◆ Exercise ◆
Your output should consist solely of the lines from the one holding "260 UGG Funkette Boot 黑色 1122551-BLk-Chinese" to the end of the records below, inclusive, reproduced exactly and free of pictures.

◆ Supplied records ◆
Start of Block
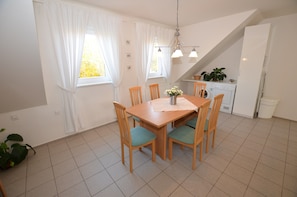 คอมฟอร์ทอพาร์ทเมนท์, 3 ห้องนอน | ร้านอาหาร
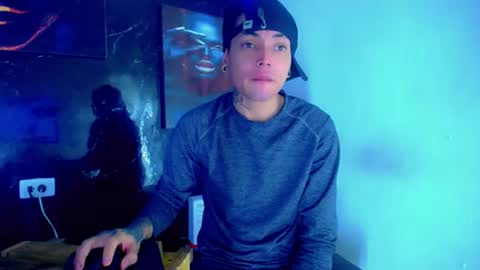 Snapshot of theshamefulboys chatting on July 8, 5:23 am David y Daniel online show from July 8, 5:23 am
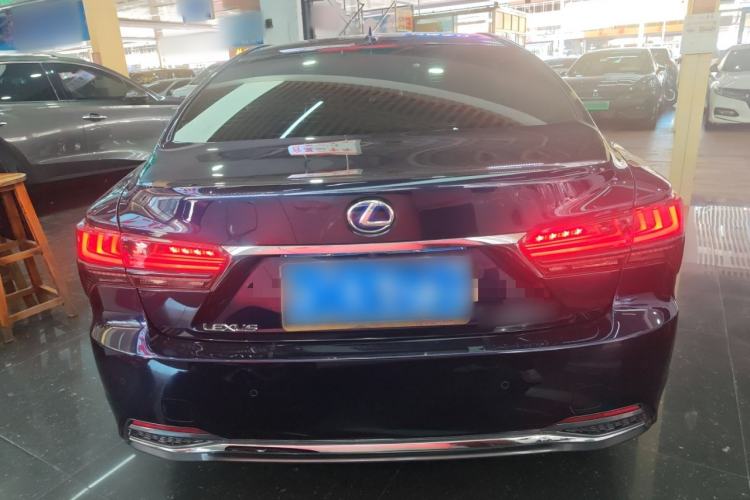 Used Lexus LS 2021 500h Luxury Edition
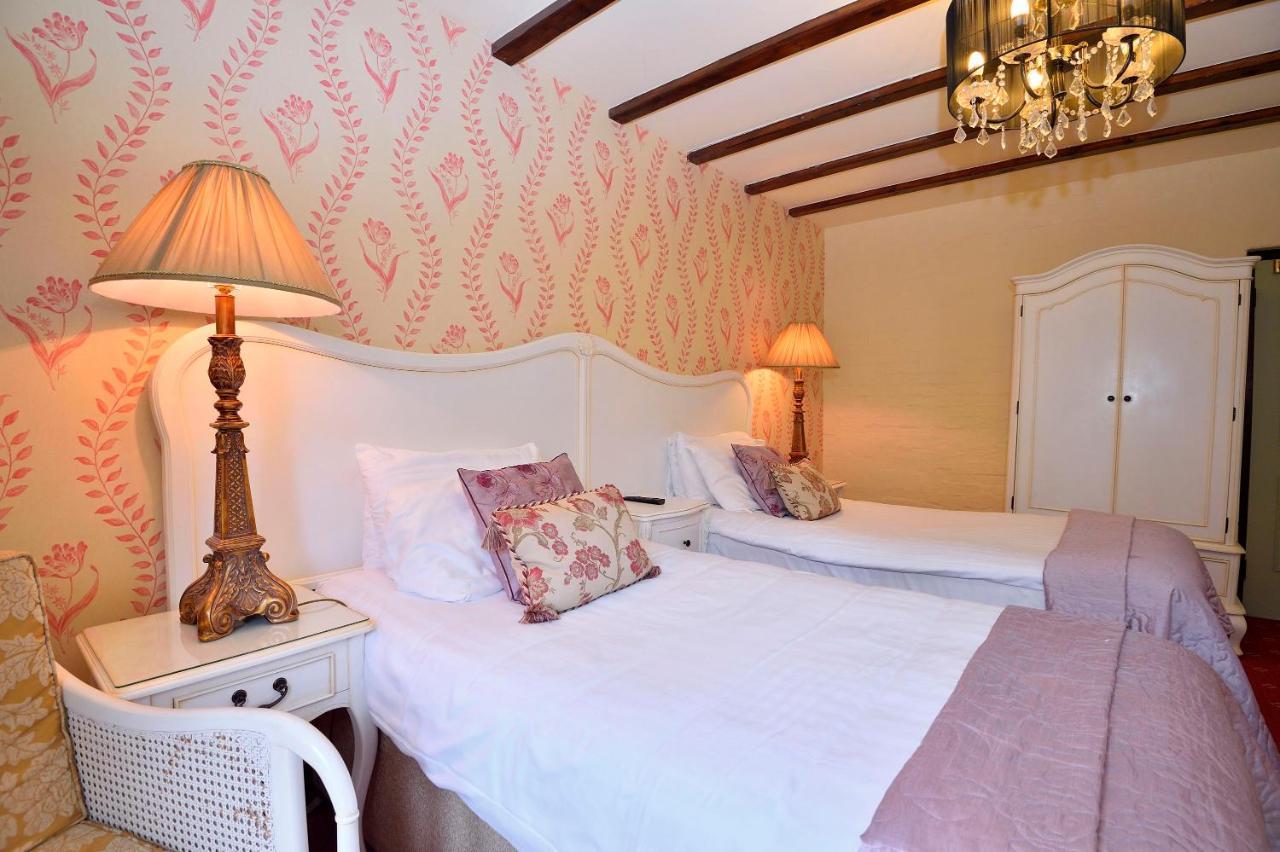 The Roundabout Hotel Pulborough Ngoại thất bức ảnh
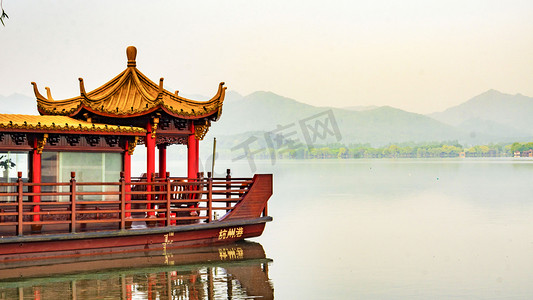 西湖风光摄影照片_杭州西湖船摄影图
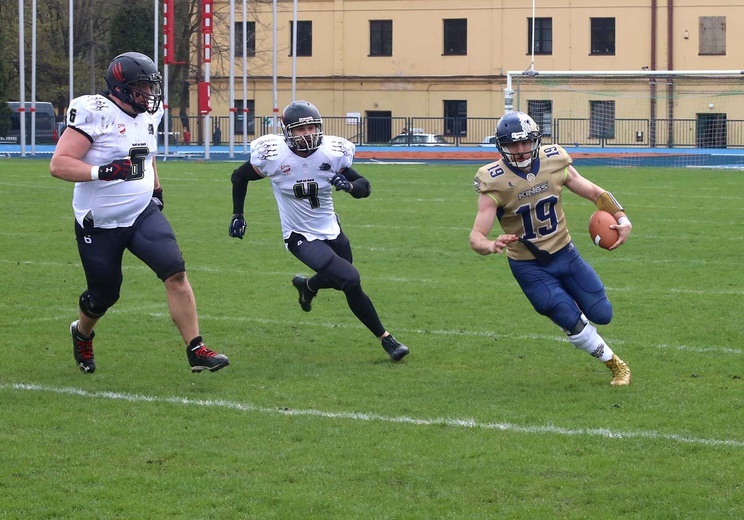 "Wilki Łódzkie" vs. "Kraków Football Kings"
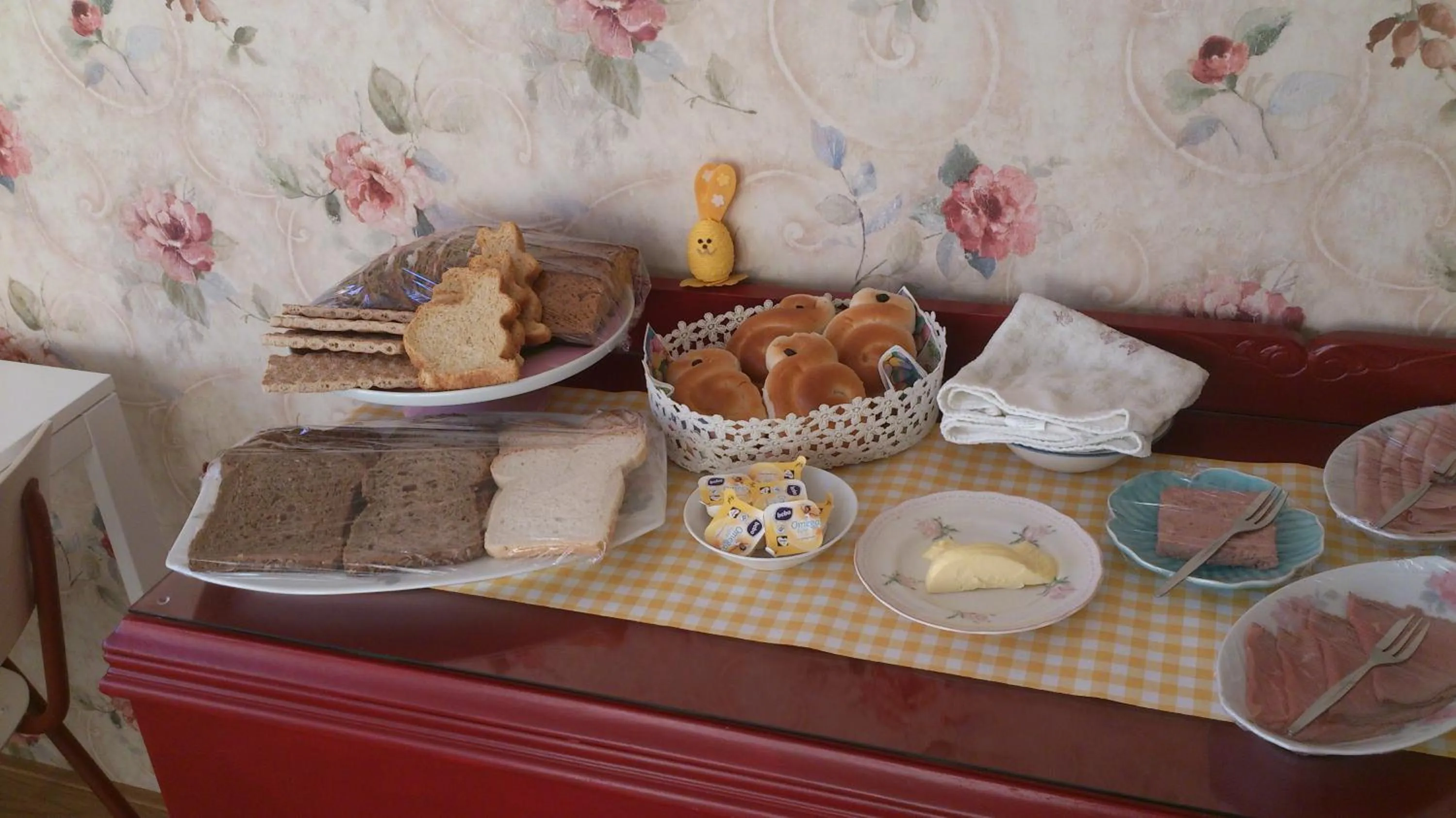 Food close-up in Bed en Broodje Bloem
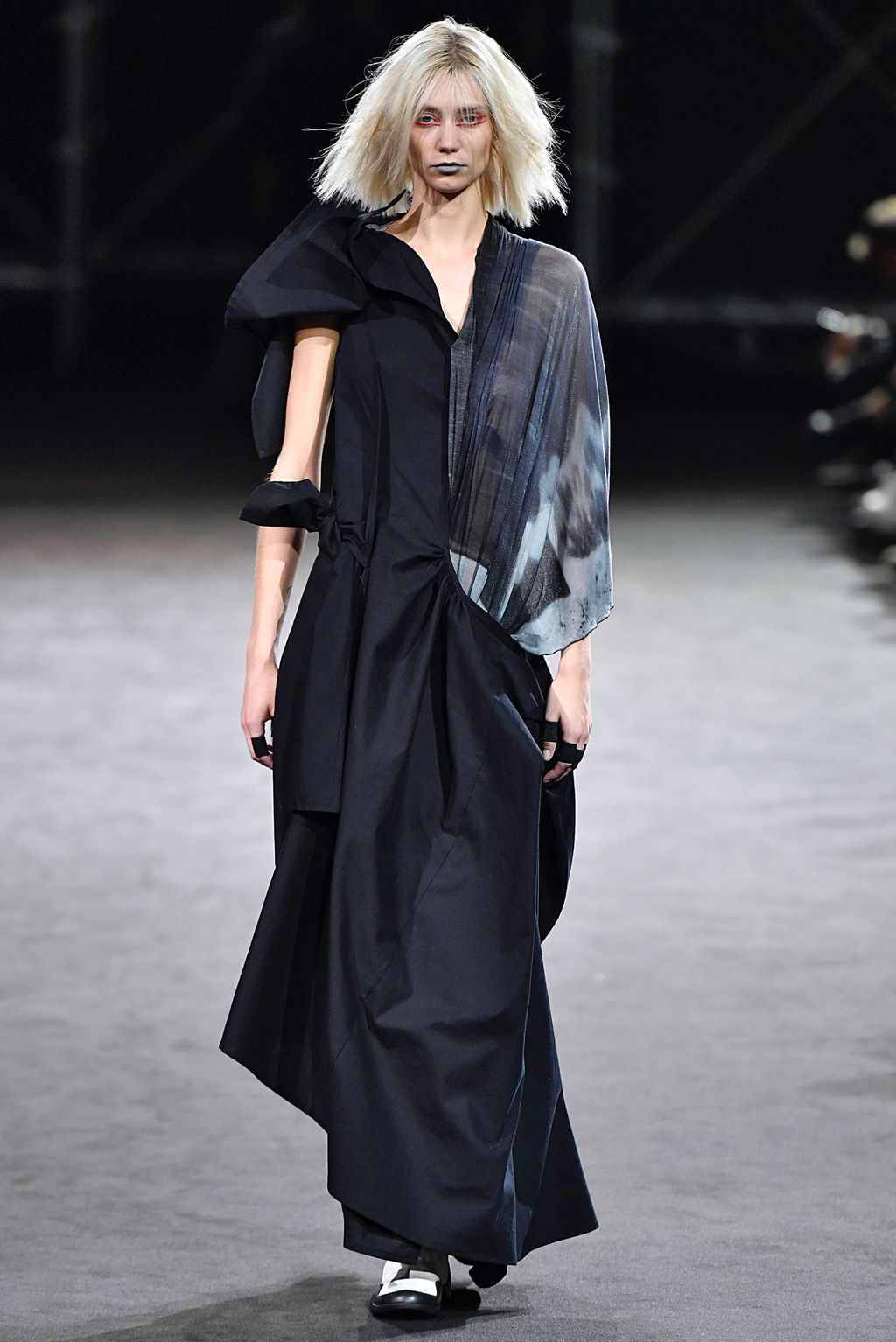Fashion Week Paris Spring/Summer 2019 look 26 from the Yohji Yamamoto collection 女装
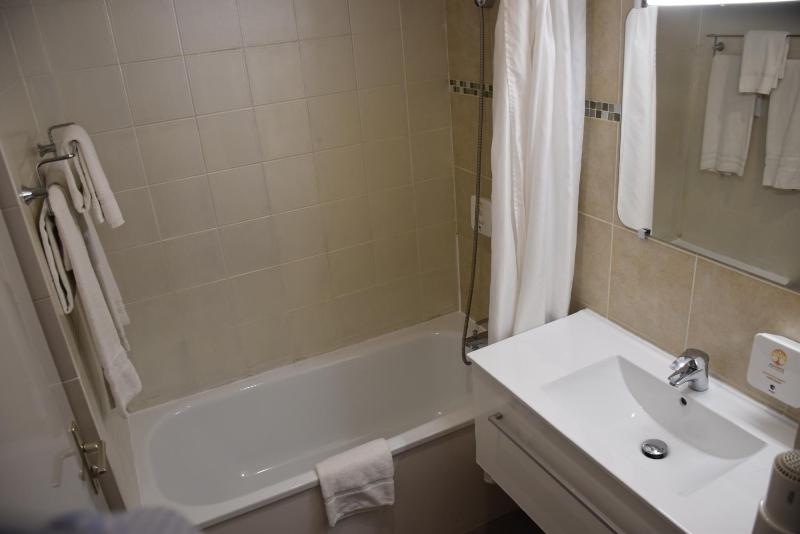 Single Room image 4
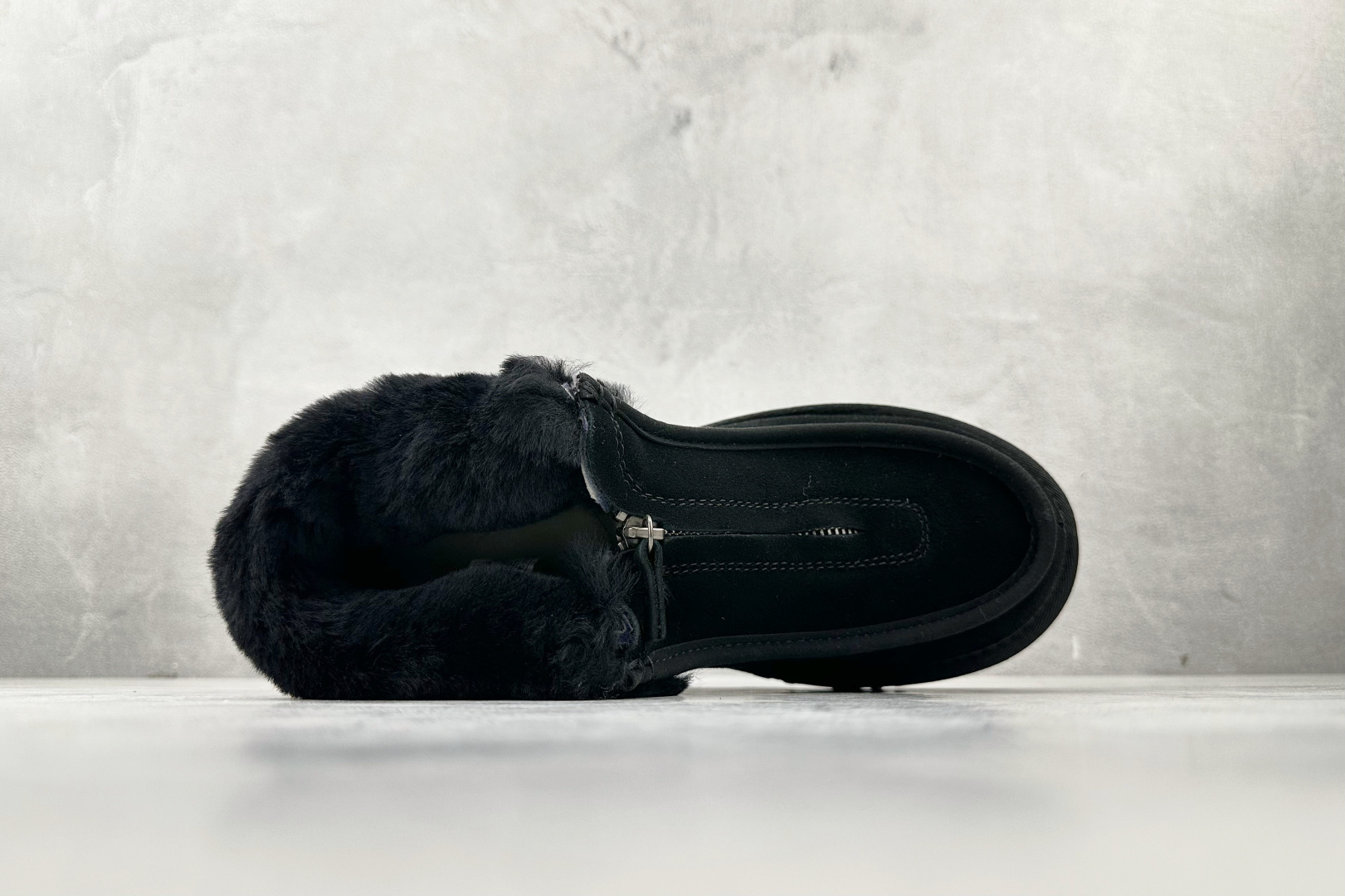 260 UGG Funkette Boot 黑色 1122551-BLk-Chinese UA Cheap High Quatity Brand Clothes Bags handbags Sneakers wholesale wholesaler seller from China Factory suppliers Fashion Clothing Shoes best Quality Beautiful Price 260 UGG Funkette Boot 黑色 1122551-BLk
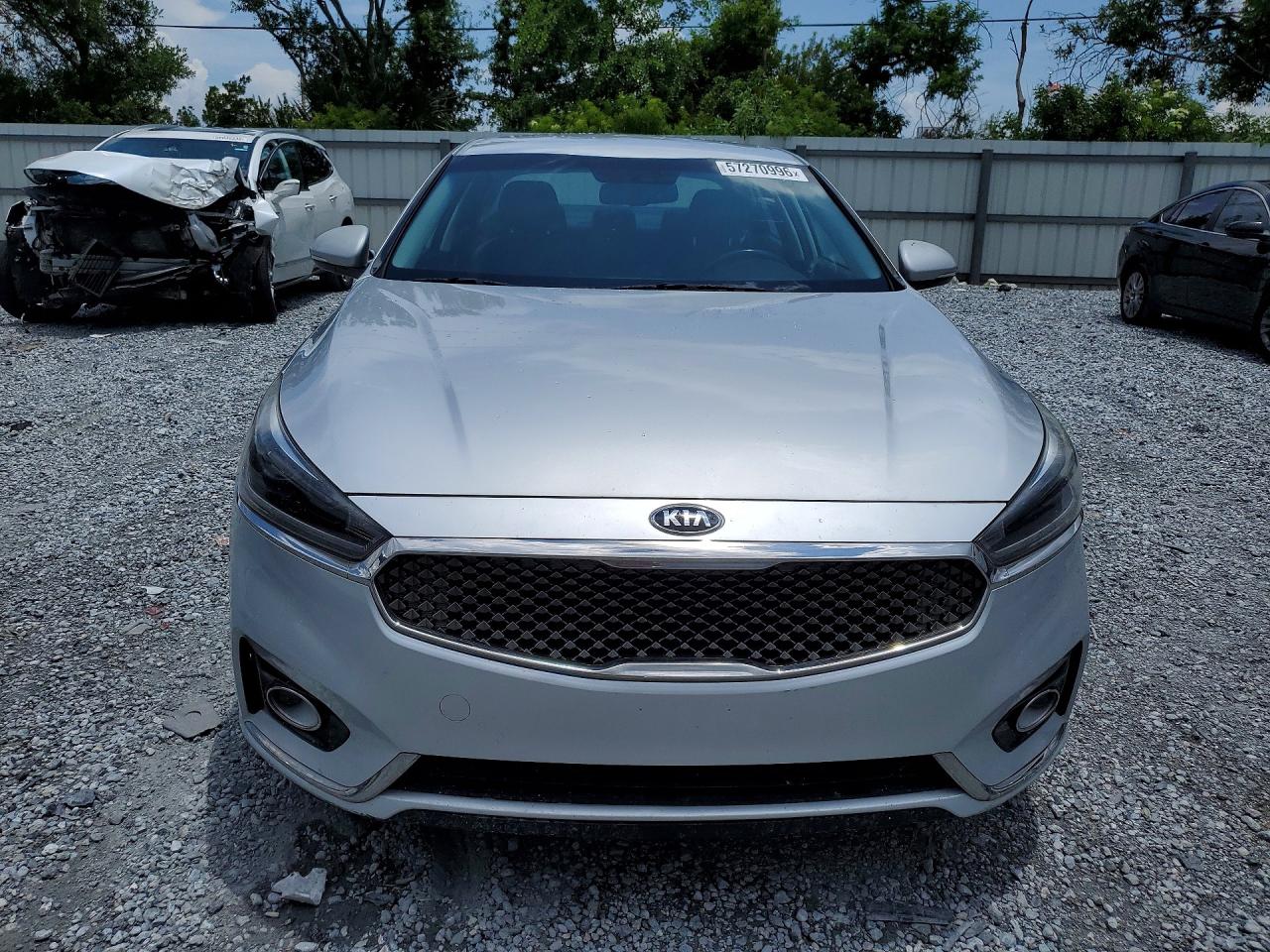 2017 KIA CADENZA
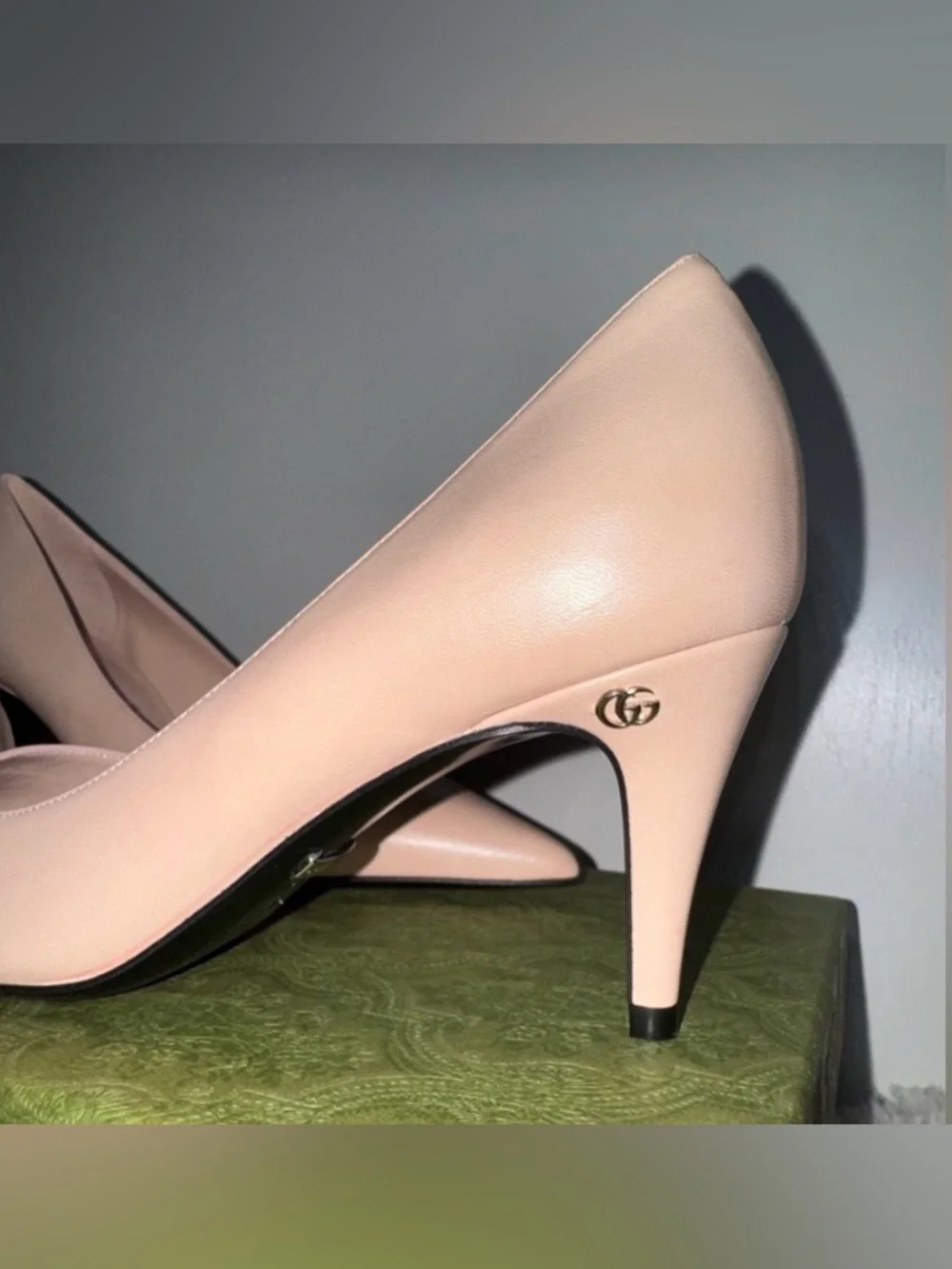 Gucci Leather Pointed Toe Double G Mid-Heel Slip On Pump Women’s Size 6 - Picture 4 of 10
End of Block
◆ Answer section ◆
 260 UGG Funkette Boot 黑色 1122551-BLk-Chinese UA Cheap High Quatity Brand Clothes Bags handbags Sneakers wholesale wholesaler seller from China Factory suppliers Fashion Clothing Shoes best Quality Beautiful Price 260 UGG Funkette Boot 黑色 1122551-BLk
 2017 KIA CADENZA
 Gucci Leather Pointed Toe Double G Mid-Heel Slip On Pump Women’s Size 6 - Picture 4 of 10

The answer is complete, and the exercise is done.